» **What the task requires**
Please return the full listing word for word, leaving out any pictures.

┌──

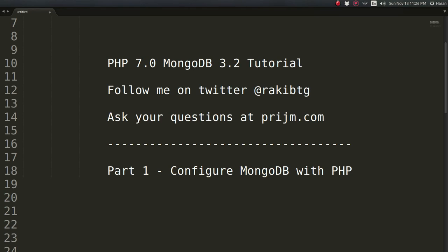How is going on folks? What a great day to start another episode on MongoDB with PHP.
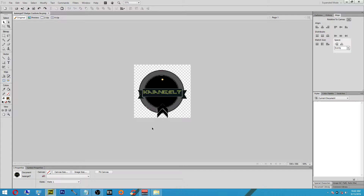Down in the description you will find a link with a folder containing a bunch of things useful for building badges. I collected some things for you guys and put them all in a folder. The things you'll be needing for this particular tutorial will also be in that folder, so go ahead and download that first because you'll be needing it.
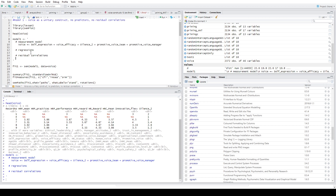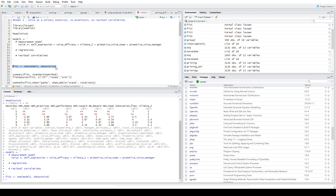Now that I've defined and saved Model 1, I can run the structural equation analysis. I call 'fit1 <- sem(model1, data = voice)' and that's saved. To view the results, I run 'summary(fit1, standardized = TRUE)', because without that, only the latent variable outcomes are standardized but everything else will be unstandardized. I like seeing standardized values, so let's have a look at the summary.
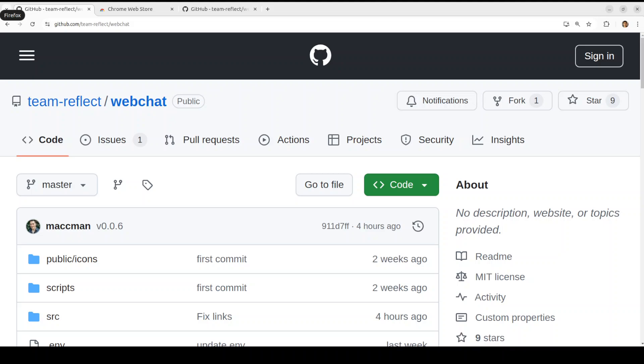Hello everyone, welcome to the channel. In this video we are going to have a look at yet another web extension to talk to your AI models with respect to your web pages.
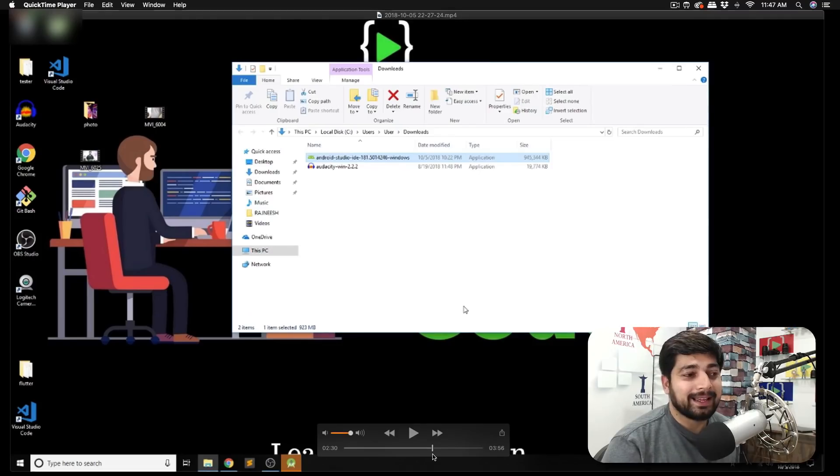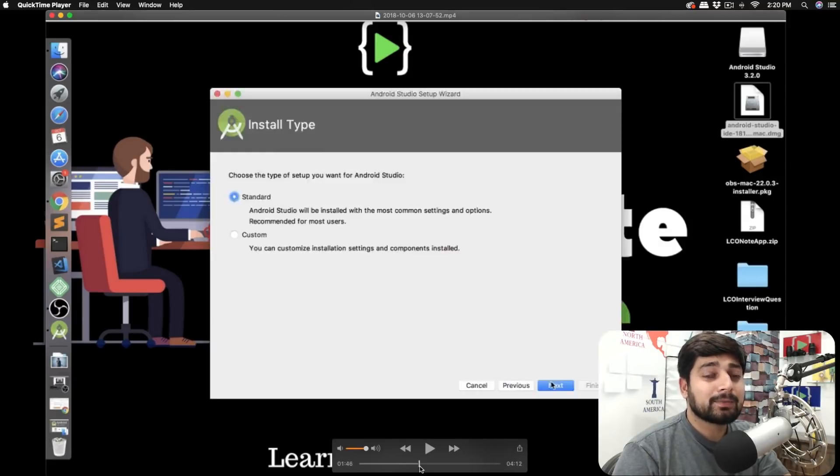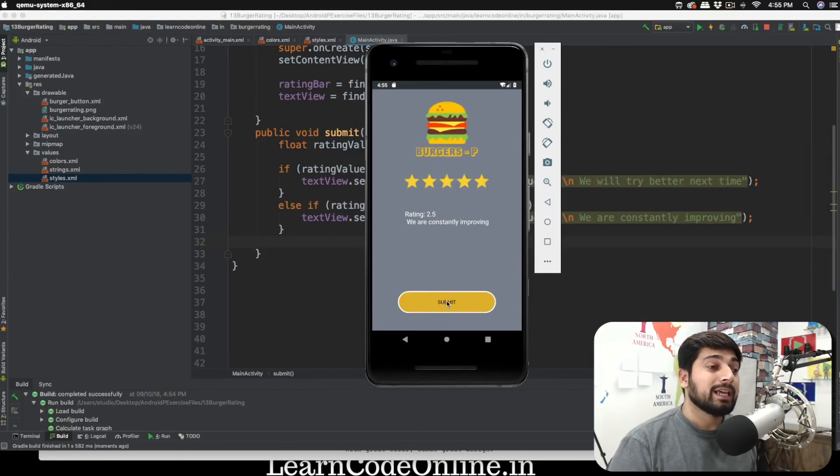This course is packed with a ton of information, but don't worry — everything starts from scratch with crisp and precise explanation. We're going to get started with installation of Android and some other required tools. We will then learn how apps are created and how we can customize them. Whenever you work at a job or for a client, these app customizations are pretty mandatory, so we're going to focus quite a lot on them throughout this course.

└──

» **Exercise output**
How is going on folks? What a great day to start another episode on MongoDB with PHP.
Down in the description you will find a link with a folder containing a bunch of things useful for building badges. I collected some things for you guys and put them all in a folder. The things you'll be needing for this particular tutorial will also be in that folder, so go ahead and download that first because you'll be needing it.
Now that I've defined and saved Model 1, I can run the structural equation analysis. I call 'fit1 <- sem(model1, data = voice)' and that's saved. To view the results, I run 'summary(fit1, standardized = TRUE)', because without that, only the latent variable outcomes are standardized but everything else will be unstandardized. I like seeing standardized values, so let's have a look at the summary.
Hello everyone, welcome to the channel. In this video we are going to have a look at yet another web extension to talk to your AI models with respect to your web pages.
This course is packed with a ton of information, but don't worry — everything starts from scratch with crisp and precise explanation. We're going to get started with installation of Android and some other required tools. We will then learn how apps are created and how we can customize them. Whenever you work at a job or for a client, these app customizations are pretty mandatory, so we're going to focus quite a lot on them throughout this course.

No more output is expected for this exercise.